Por
Leonardo Sakamoto, em seu blog:
Vou
voltar a um tema que eu adoro. Considerando que a renda do capital segue
estratosfericamente maior que a do trabalho e os recursos usados para o
pagamento de juros são bem maiores que os aplicados em programas sociais (em
todos os governos, de FHC a Dilma), fico extremamente incomodado quando ouço ou
leio pessoas reclamando que “dar dinheiro aos pobres os torna vagabundos”.
É
engraçado que ninguém reclama do dinheiro que vai às classes mais abastadas,
que investem em fundos baseados na dívida pública federal. Grosso modo, muito
vai para poucos e pouco vai para muitos. E, mesmo assim, sou obrigado a ouvir
pérolas quase que diariamente, reclamando dos programas de transferência de
renda, não no sentido de melhorá-los, mas de extingui-los. É claro que é importante
avançar na construção de “portas de saídas” para programas como o
Bolsa-Família, gerando autonomia econômica. Mas a raiva com a qual essas
iniciativas ainda vêm sendo tratadas por algumas pessoas me surpreende.
Pessoal, supera! Não há partido político que vá se eleger com uma plataforma
que cancele esses processos de transferência de renda. Isso já é política de
Estado e não de governo.
“Ah,
mas minha tia tem uma amiga em que a empregada recebe o bolsa-família e, por
isso, desistiu de trabalhar. Quer ficar no bem bom com o dinheiro público.”

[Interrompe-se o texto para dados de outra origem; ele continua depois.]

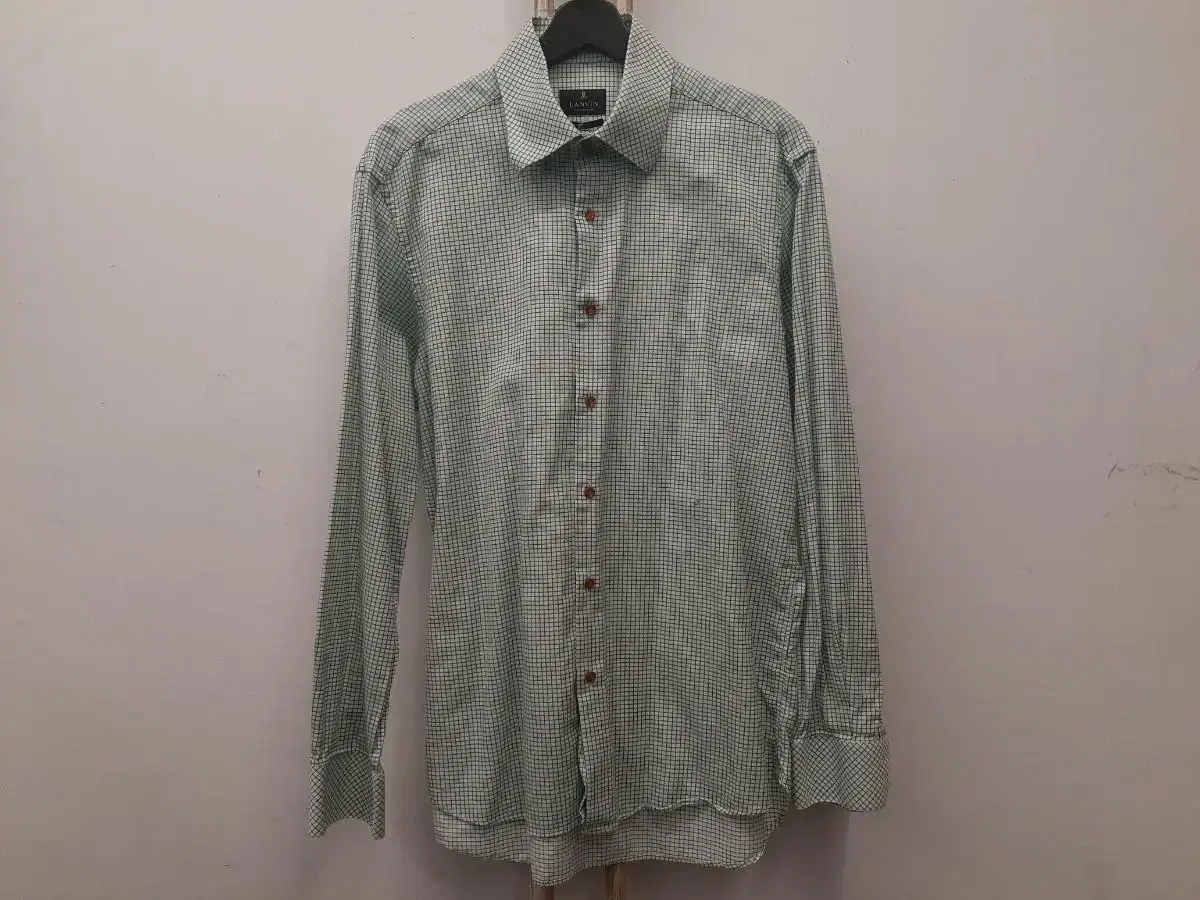 2 랑방(LANVIN) 셔츠 105(XL)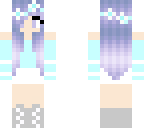 lavender girl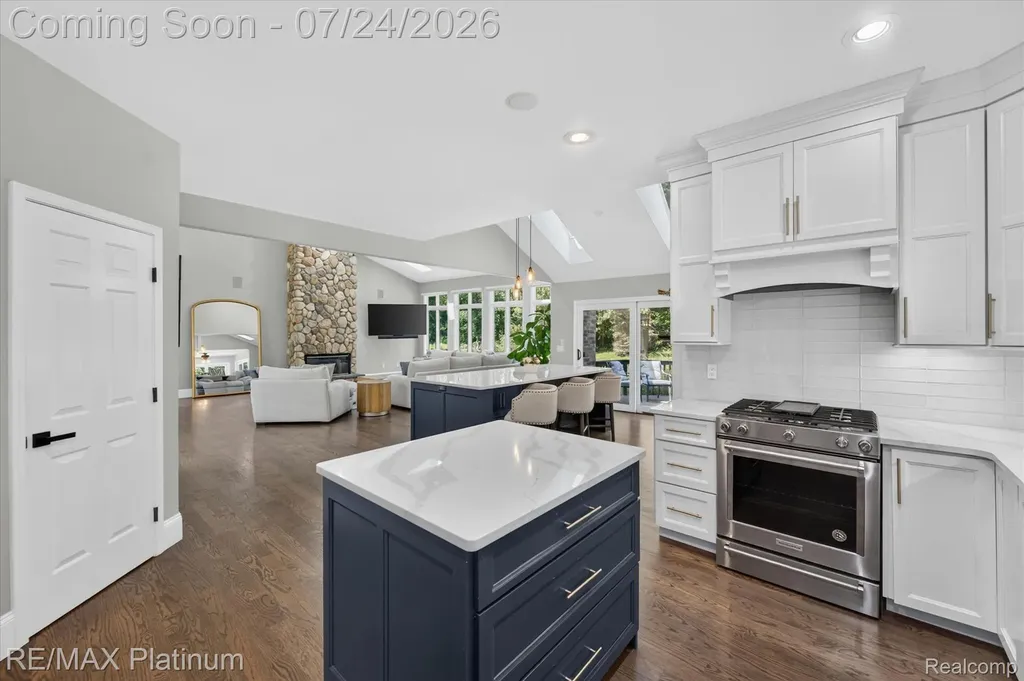 5264 Pinewood Drive Genoa Township MI 48116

Quantos já ouviram coisas assim? Primeiro reduzindo todo um programa a uma
única história. Segundo, uma história mal contada, pois é difícil imaginar que
uma família consiga sobreviver com dignidade com um montante de renda não raro
menor que uma garrafa de vinho paga pelo sujeito fino que decretou tal
preconceito. Terceiro, para alguém preferir a segurança da mensalidade do
programa do que um salário é que a remuneração deve ser baixa demais ou a
garantia de permanência no emprego inexistente.
Este
post não está criticando ou elogiando ninguém, mas tentando entender o que,
além do preconceito, faz com que um cidadão que tenha um pouco mais na conta
bancária acredite que pisar no andar de baixo é a solução para galgar ao andar
de cima? E crer que o futuro de um país é feito uma Arca de Noé, com espaço
para salvar pouca gente de um dilúvio iminente?
Para
esse pessoal, é cada um por si e o Sobrenatural – proporcionalmente ao tamanho
do dízimo deixado mensalmente – para todos. Fraternidade e solidariedade são
palavras que significam “doação de calças velhas para vítimas de enchente”,
“brinquedos usados repassados a orfanatos no Natal” ou “um DOC
limpa-consciência feito a alguma ONG”.
Nada
sobre um esforço coletivo de buscar a dignidade para todos, com distribuição
imediata (e não depois que o bolo crescer) da riqueza gerada no país.
Crescimento produzido pelos mesmos trabalhadores que não desfrutam da maior
parte de seus resultados. Porque, apenas teoricamente, todos nascem livres e
iguais.
E
se eu dissesse que “dar dinheiro aos ricos os torna vagabundos?” Por que usar a
frase para os pobres é ser um “analista sensato da realidade” e usar a frase
aos ricos é ser um “canalha de um comunista safado”?